Fine-scale replication and quantitative assessment of forest vertical structure using LiDAR for forest avian habitat characterization

Abstract

Light detection and ranging (LiDAR) is an active remote sensing technology that can be used to directly acquire three-dimensional forest information, and it has great potential to replace traditional time-consuming field surveys. We aimed to determine the accuracy with which enhanced airborne LiDAR with high density (mean, 47 points m−2) can replicate detailed vertical foliage arrangement and three forest structural indices, i.e. number of layers (NSTRAT), sum of the percent vegetation cover (PCVC), and foliage height diversity (FHD), all of which are useful for characterizing avian habitats. Thirteen 40-m-long lines were set in an urban forest area, and LiDAR-based and field-based cross-sectional profiles with 1 × 1-m meshes were compared. In addition, we performed random LiDAR point thinning to determine whether the replications were possible with lower point densities. The 1 × 1-m mesh vertical foliage arrangements were replicated with high accuracy by using LiDAR (mean producer's accuracy, 0.756; mean user's accuracy, 0.810) before the point reduction.
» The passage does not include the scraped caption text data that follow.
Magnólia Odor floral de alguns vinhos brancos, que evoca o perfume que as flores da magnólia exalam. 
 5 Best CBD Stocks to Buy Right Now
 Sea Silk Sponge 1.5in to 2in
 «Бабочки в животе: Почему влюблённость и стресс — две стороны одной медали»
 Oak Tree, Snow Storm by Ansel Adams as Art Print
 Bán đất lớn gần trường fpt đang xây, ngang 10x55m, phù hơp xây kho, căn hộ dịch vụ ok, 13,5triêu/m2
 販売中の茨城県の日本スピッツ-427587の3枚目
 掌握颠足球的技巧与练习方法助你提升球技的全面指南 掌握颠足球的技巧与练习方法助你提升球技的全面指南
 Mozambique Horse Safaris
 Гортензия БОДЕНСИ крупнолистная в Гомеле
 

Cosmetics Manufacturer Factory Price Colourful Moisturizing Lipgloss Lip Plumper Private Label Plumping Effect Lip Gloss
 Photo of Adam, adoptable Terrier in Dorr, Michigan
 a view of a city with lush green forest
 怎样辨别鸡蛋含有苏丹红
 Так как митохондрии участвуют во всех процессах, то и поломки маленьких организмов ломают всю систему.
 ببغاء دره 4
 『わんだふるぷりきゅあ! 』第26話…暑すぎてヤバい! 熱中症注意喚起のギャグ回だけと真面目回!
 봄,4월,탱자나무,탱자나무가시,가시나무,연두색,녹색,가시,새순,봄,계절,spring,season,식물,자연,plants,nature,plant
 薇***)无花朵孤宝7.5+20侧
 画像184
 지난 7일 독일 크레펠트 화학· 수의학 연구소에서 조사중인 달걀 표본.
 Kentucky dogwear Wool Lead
All the three indices were also replicated with high accuracy (<0.12 of the relative root mean square error for the 1:1 relationship). Even when the mean point density was reduced to 2.4 points m−2, the three indices could be quantitatively estimated with high accuracy by using simple linear regression analyses (>0.8 in R 2). For NSTRAT and FHD, numerical replication was possible with high accuracy (<0.2 and <0.1, respectively, of the relative root mean square error for the 1:1 relationship), even when the mean point density was reduced to 2.4 points m−2. In conclusion, enhanced high-density LiDAR seems to be highly suitable as a substitute for field surveys for delineating detailed vertical forest structure in order to characterize forest avian habitats. Moreover, lower-density LiDAR data could replicate the forest structural indices, suggesting its useful low-cost application in quantitative avian habitat models.